LibAFLGo: Evaluating and Advancing Directed Graybox Fuzzing.
Elia Geretto*, Andrea Jemmett*, Cristiano Giuffrida, Herbert Bos.
10th IEEE European Symposium on Security and Privacy (EuroS&P), 2025.
Abstract
While greybox fuzzing is routinely applied in production environments with great
success, directed greybox fuzzing has struggled to gain real-world
adoption—despite the great (intuitive) promise and the many optimizations
proposed in literature. In practice, directed fuzzers struggle for three critical
issues. First, popular implementations build on and compare to ancient baselines,
often derived from AFLGo. Unfortunately, none of the optimizations that are
essential for performance in modern greybox fuzzers are available in these
baselines. As a result, we find reported improvements in directed fuzzing are often
only “imaginary” and do not lead to better performance on a modern
baseline. Second, directed fuzzing evaluations commonly ignore or misinterpret
important factors affecting fuzzing overhead—such as build times and timeouts.

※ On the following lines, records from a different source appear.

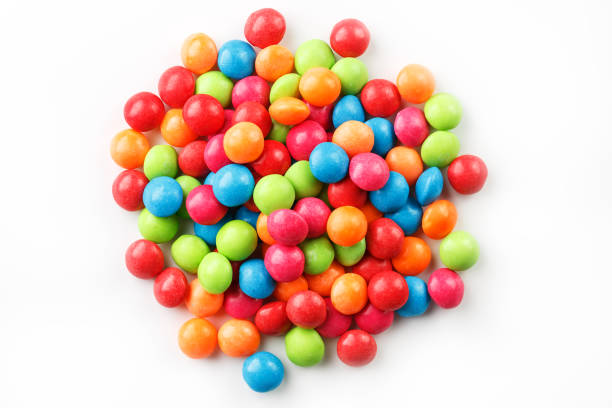 istock A rainbow of colors from multicolored candies close-up, multi-colored glaze dragee on a white background isolated 1147087316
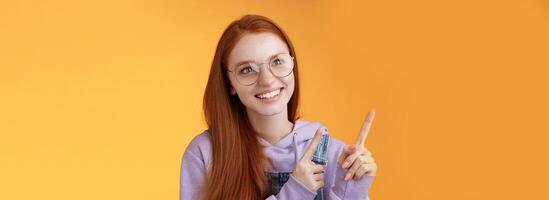 Carefree charismatic happy silly young cute redhead girl freckles blue eyes wearing glasses enjoy contemplating entertaining exhibition pointing looking left indicating, orange background photo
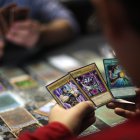Dos jóvenes juegan cartas de la serie manga Yu-Gi-Oh!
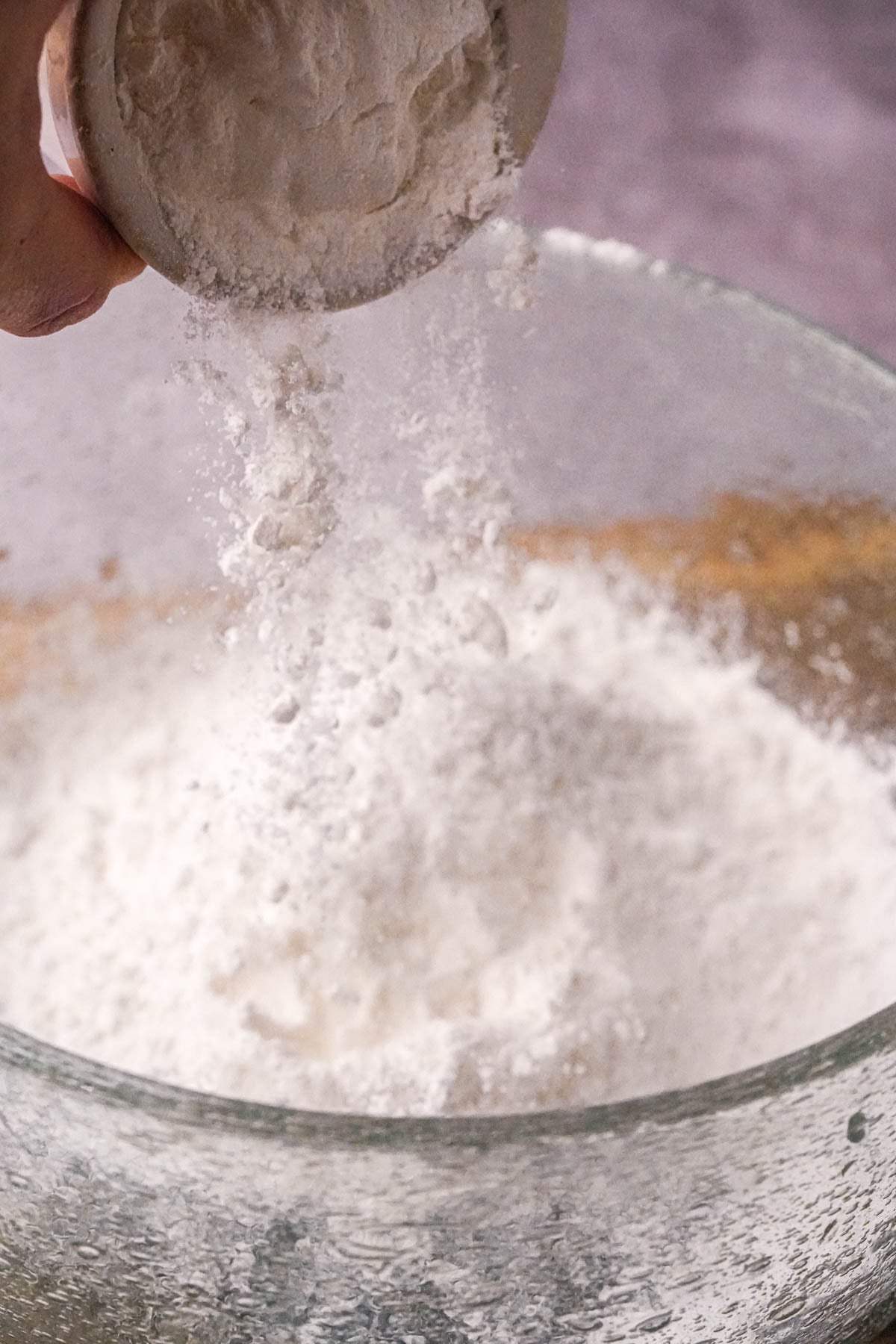 A hand pours rice flour from a measuring cup into a clear glass mixing bowl filled with more flour, with some flour particles falling in mid-air.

As design decisions now build on unreliable data, we find the directed fuzzers
perform worse than expected in practice. Third, while almost all directed fuzzers
rely on (expensive) analysis stacks, such as points-to and reachability analysis
components, they often opt for very different implementations. Since these
implementations have their own unique benefits and drawbacks, we find performance
differences of directed fuzzers are frequently due to these components rather than
the proposed directed fuzzing optimization.
In this paper, we investigate the practical impact of these issues by means of an
analysis and evaluation of a representative set of popular directed greybox fuzzers.
As a way forward, we then present LibAFLGo, a modular directed fuzzing framework
that addresses all three issues and allows one to directly compare different
directed fuzzing policies on top of a modern fuzzing stack. Our experimental results
on state-of-the-art directed fuzzing policies provide two main insights. First, the
original AFLGo policies outperform more recent directed fuzzing policies when
testing on a modern fuzzing stack. Second, none of the directed fuzzing policies can
favorably compete with (nondirected) LibAFL, which scored better overall performance
across benchmarks. As such, the quest for efficient directed fuzzing policies must
continue.